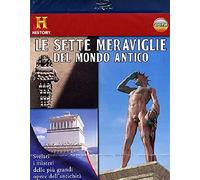 Le sette meraviglie del mondo antico [Italia] [Blu-ray]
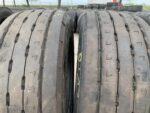 Opony ciężarowe używana 385.55R22.5 MICHELIN X MULTI T2 EVOLUTION / 13-14mm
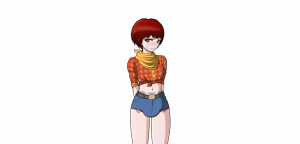 Page 42 of Danganronpa Pampered Panic Assets - preview thumbnail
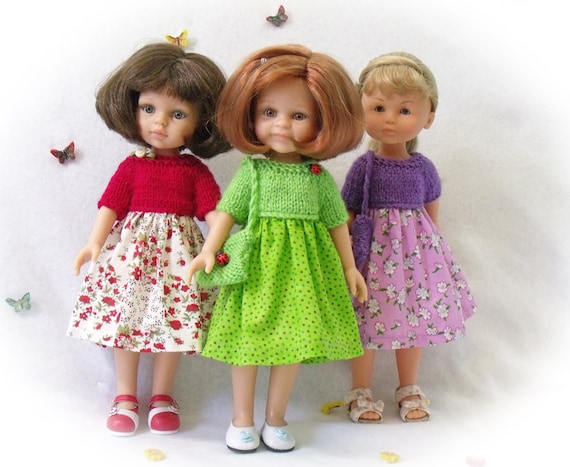 Corolle les hotsell cheries dolls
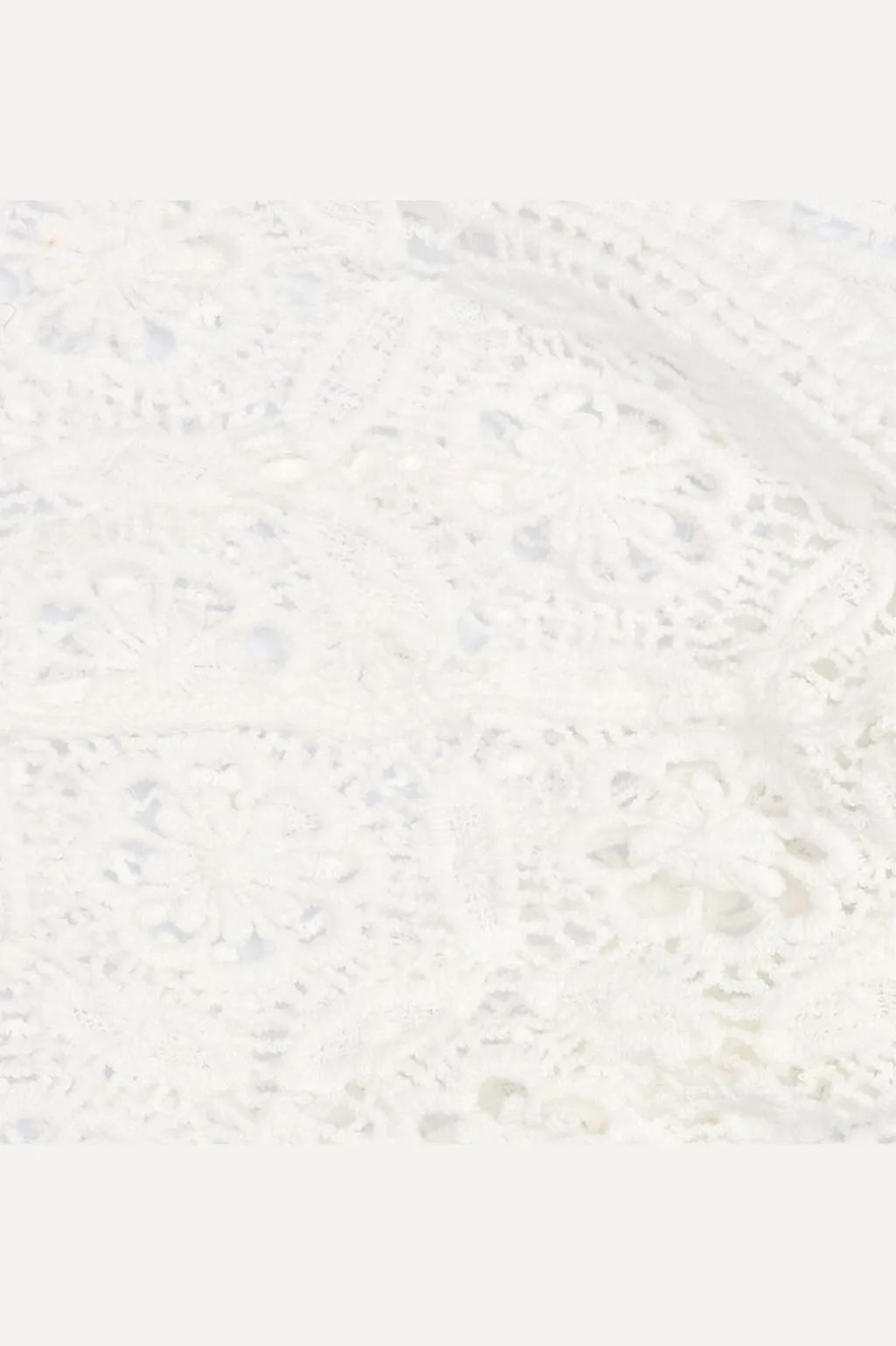 Mdczinnia Lace Hip Scarf BA-3510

_ _ _ _

## Exercise instructions
Repeat the listing above exactly, with no pictures.

## Exercise result
 Le sette meraviglie del mondo antico [Italia] [Blu-ray]
 Opony ciężarowe używana 385.55R22.5 MICHELIN X MULTI T2 EVOLUTION / 13-14mm
 Page 42 of Danganronpa Pampered Panic Assets - preview thumbnail
 Corolle les hotsell cheries dolls
 Mdczinnia Lace Hip Scarf BA-3510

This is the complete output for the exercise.